● Dataset content:
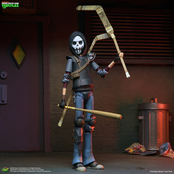 Teenage Mutant Ninja Turtles Action Figure Ultimate Casey Jones 18cm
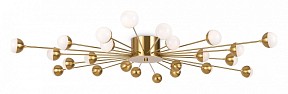 Потолочная люстра Freya Celebrity желтый арт. FR5242CL-24BS
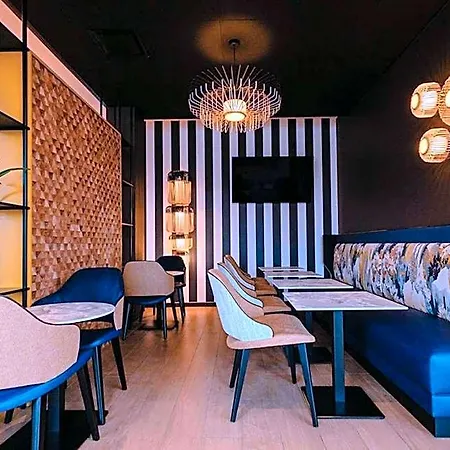 Hotel Ibis Centre Stanislas 3*
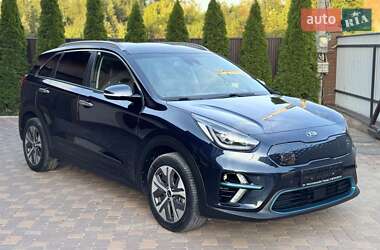 Позашляховик / Кросовер Kia Niro 2020 в Чернівцях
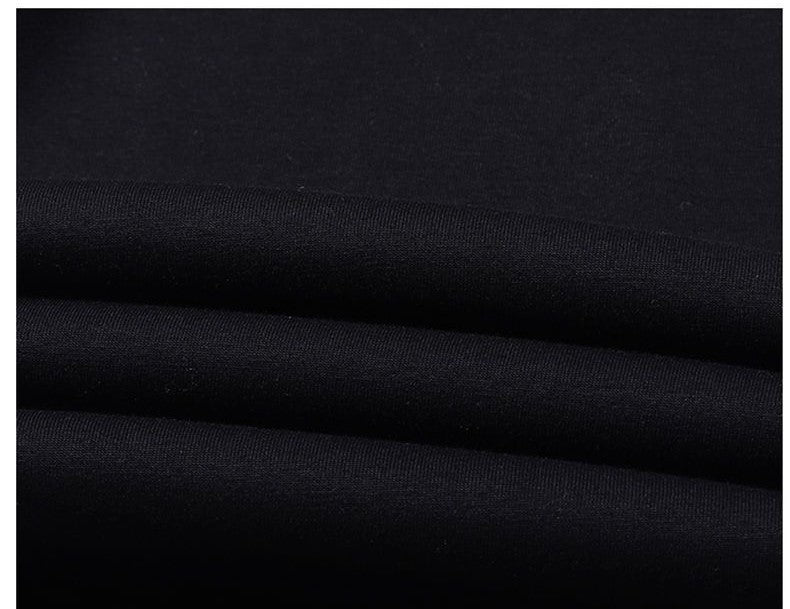 Herrenmodetrends Harlan Drei-Streifen-Hosen Lässige lange Hosen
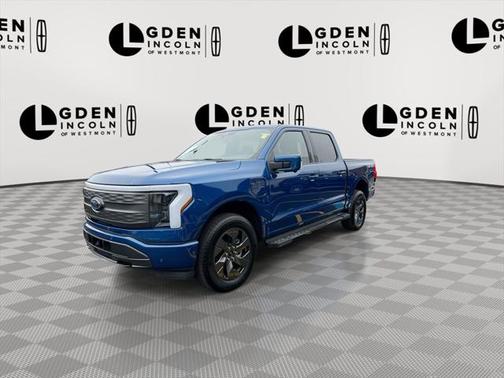 2022 Ford F-150 Lightning LARIAT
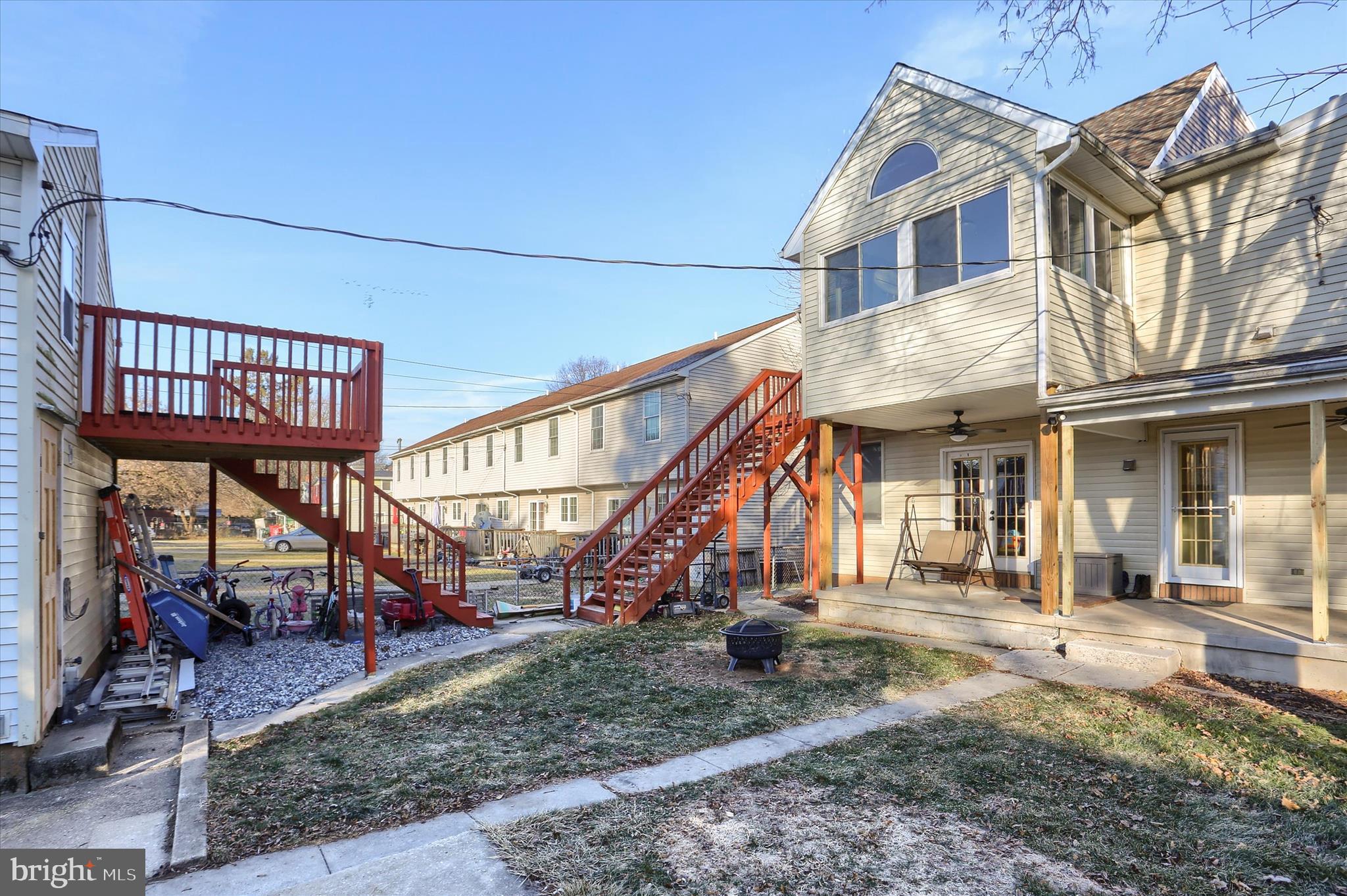 1544 Lafayette Street Lebanon, PA 17042 - Photo 41 of 49 a view of an apartment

● Your goal: The response is the full listing, copied exactly, with the pictures omitted.

● Task result:
 Teenage Mutant Ninja Turtles Action Figure Ultimate Casey Jones 18cm
 Потолочная люстра Freya Celebrity желтый арт. FR5242CL-24BS
 Hotel Ibis Centre Stanislas 3*
 Позашляховик / Кросовер Kia Niro 2020 в Чернівцях
 Herrenmodetrends Harlan Drei-Streifen-Hosen Lässige lange Hosen
 2022 Ford F-150 Lightning LARIAT
 1544 Lafayette Street Lebanon, PA 17042 - Photo 41 of 49 a view of an apartment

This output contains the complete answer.